@time, @elapsed and @inboundsIn this notebook, we demonstrate how fast Julia is, compared to other dynamically typed languages.
Read the text Why Julia? (3 min)
Read Performance tips section of the Julia manual. (20 min)
The reader should understand effects of "just-in-time compiler" called LLVM on the speed of execution of programs. The reader should be able to write simple, but fast, programs containing loops.
Some examples are taken from The Julia Manual.
In [1]:
function f(n)
s = 0
for i = 1:n
s += i/2
end
s
end
Out[1]:
In order for the fast execution, the function must first be compiled. Compilation is performed automatically, when the function is invoked for the first time. Therefore, the first call can be done with some trivial choice of parameters.
The timing can be done by two commands, @time and @elapsed:
In [2]:
?@time
Out[2]:
In [3]:
?@elapsed
Out[3]:
In [4]:
@time f(1)
Out[4]:
In [5]:
# This run is much faster, since the function is already compiled
@elapsed f(1)
Out[5]:
Let us now run the big-size computation.
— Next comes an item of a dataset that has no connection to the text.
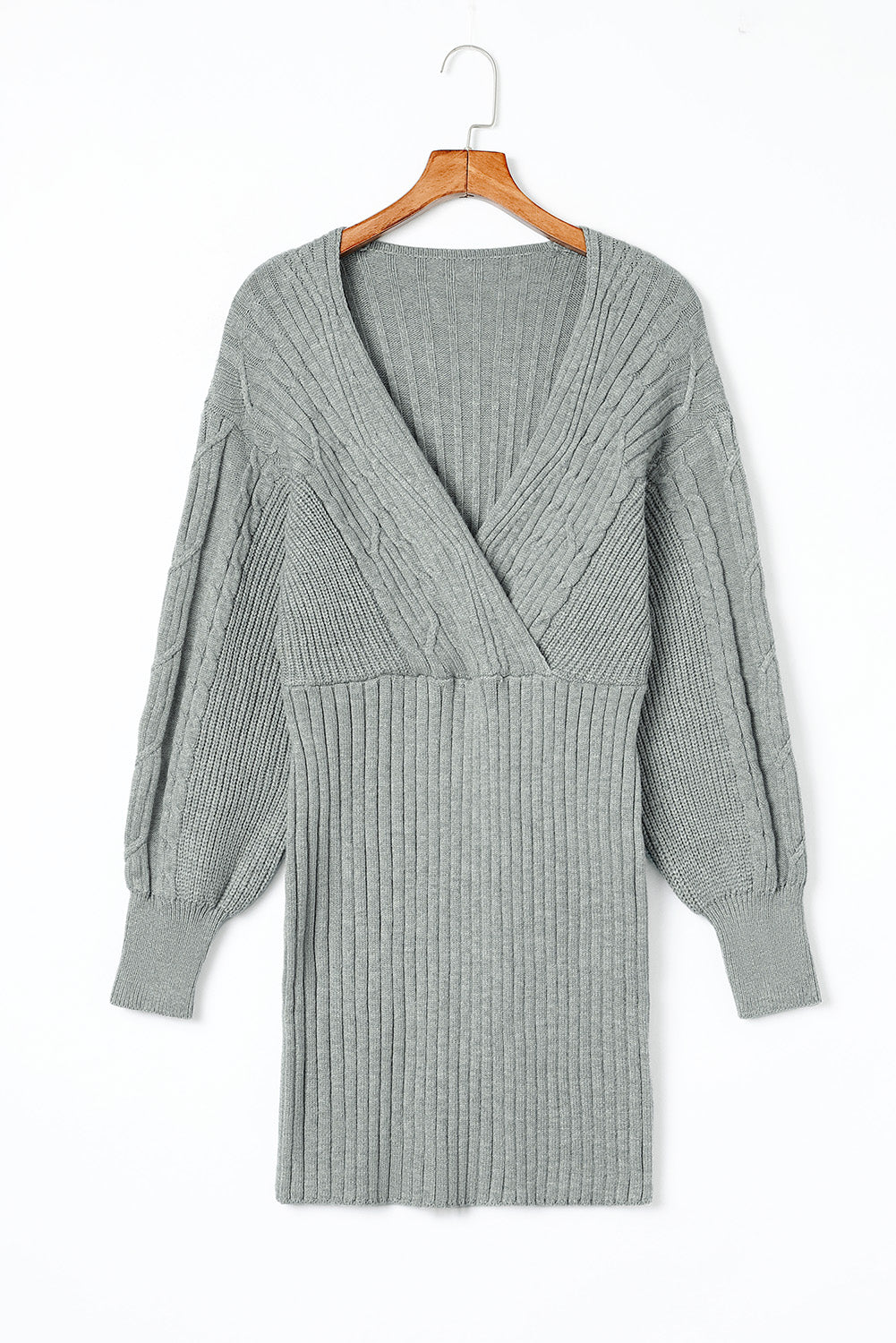 Outfit Flow - Cable-Knit Surplice Lantern Sleeve Sweater Dress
Notice the unnaturally high byte allocation and the huge amount of time spent on garbage collection.
In [6]:
# Notice the unnaturally high byte allocation!
@time f(1000000)
Out[6]:
In [7]:
# We shall be using @time from now on
@elapsed f(1000000)
Out[7]:
Since your computer can execute several Gigaflops (floating-point operations per second), this is rather slow. This slowness is due to type instability: variable s is in the beginning assumed to be of type Integer, while at every other step, the result is a real number of type Float64. Permanent checking of types requires permanent memory allocation and deallocation (garbage collection). This is corrected by very simple means: just declare s as a real number, and the execution is more than 10 times faster with almost no memory allocation (and, consequently, no garbage collection).
In [8]:
function f1(n)
s = 0.0
for i = 1:n
s += i/2
end
s
end
Out[8]:
In [9]:
@time f1(1)
Out[9]:
In [10]:
@time f1(1000000)
Out[10]:
@time can alo be invoked as a function:
In [11]:
@time(f1(1000000))
Out[11]:
In [12]:
@time s2=f1(1000000)
Out[12]:
In [13]:
@time(s2=f1(1000000))
Out[13]:
Exponential moving average is a fast one pass formula (each data point of the given data set $A$ is accessed only once) often used in high-frequency on-line trading (see Online Algorithms in High-Frequency Trading for more details). Notice that the output array $X$ is declared in advance.
Using return in the last line is here optional.
In [14]:
function fexpma{T}( A::Vector{T}, α::T )
# fast exponential moving average: X - moving average,
# A - data, alpha - exponential forgetting parameter
n = length(A)
X = Array{T}(n) # Declare X
β = one(T)-α
X[1] = A[1]
for k = 2:n
X[k] = β*A[k] + α*X[k-1]
end
return X
end
Out[14]:
In [15]:
# First run for compilation
fexpma([1.0],0.5)
Out[15]:
We now generate some big-size data:
In [16]:
# Big random slightly increasing sequence
A=[rand() + 0.00001*k*rand() for k=1:20_000_000]
Out[16]:
In [17]:
@time X=fexpma(A,0.9)
Out[17]:
In [18]:
function fexpma{T}( A::Vector{T}, α::T )
# fast exponential moving average: X - moving average,
# A - data, alpha - exponential forgetting parameter
n = length(A)
X = Array{T}(n) # Declare X
β = one(T)-α
X[1] = A[1]
@inbounds for k = 2:n
X[k] = β*A[k] + α*X[k-1]
end
return X
end
Out[18]:
In [19]:
@time X=fexpma(A,0.9)
Out[19]:
Similar Matlab programs give the following timing for the two versions of the function, first without prior declaration of $X$ and then with prior declaration. The latter version is nine times faster.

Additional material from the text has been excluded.